We meet the nine boys as college freshmen at the University of Washington in 1933. In the middle of the Great Depression, most of them are valiantly trying to stay afloat financially in order to stay in school. None had ever rowed anything larger than a rowboat; the main incentive in trying out for crew was the possibility of a part-time campus job if they made the team - no athletic scholarships here. The story follows one boy in particular, Joe Rantz, whose childhood deprivations rival those of Oliver Twist and who had to resort to some enterprising artful dodging of his own just to stay alive. The nine boys, their brilliant but frustrated coach Al Ulbrickson, and their team guru, renowned boat builder George Pocock, overcome obstacle after obstacle in their quest to represent the U.S. and win gold in the 1936 Berlin Olympics. As the best storytellers do, the author kept me continually on the edge of my seat; just as soon as one incredibly hard challenge- miserable training weather, economic hardships, wily opponents, devious Nazis - is surmounted, another even more daunting one is thrown in their path.

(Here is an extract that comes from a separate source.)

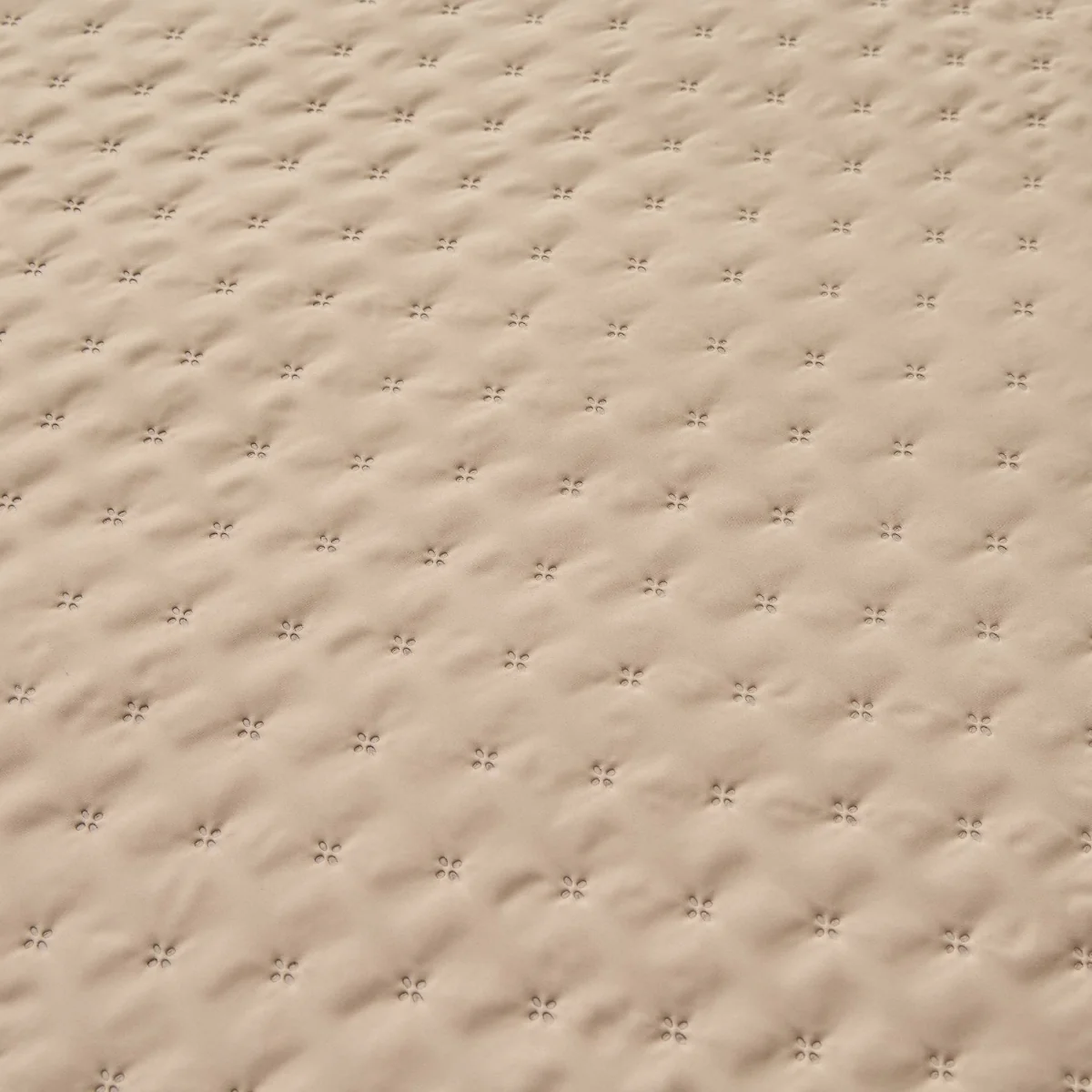 Colcha satinada con acolchado sin costuras Felsilk - Imagen 3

Seamlessly juxtaposed with the crew cliffhanger is the story of Hitler's engineering of the 1936 Olympics as a showcase for Nazi Germany, removing all traces of anti-Semitism and presenting Berlin as squeaky-clean and as wholesome as Disneyland.
Many light moments are interspersed with the strife and drama. My favorite is an incredible adventure the boys had when they took the coach's launch out onto the Hudson River on an evening before the national championship Poughkeepsie Regatta. I won't spoil it for you here, but what happened to them then could never happen now; it's one of the many unforgettable anecdotes in this book.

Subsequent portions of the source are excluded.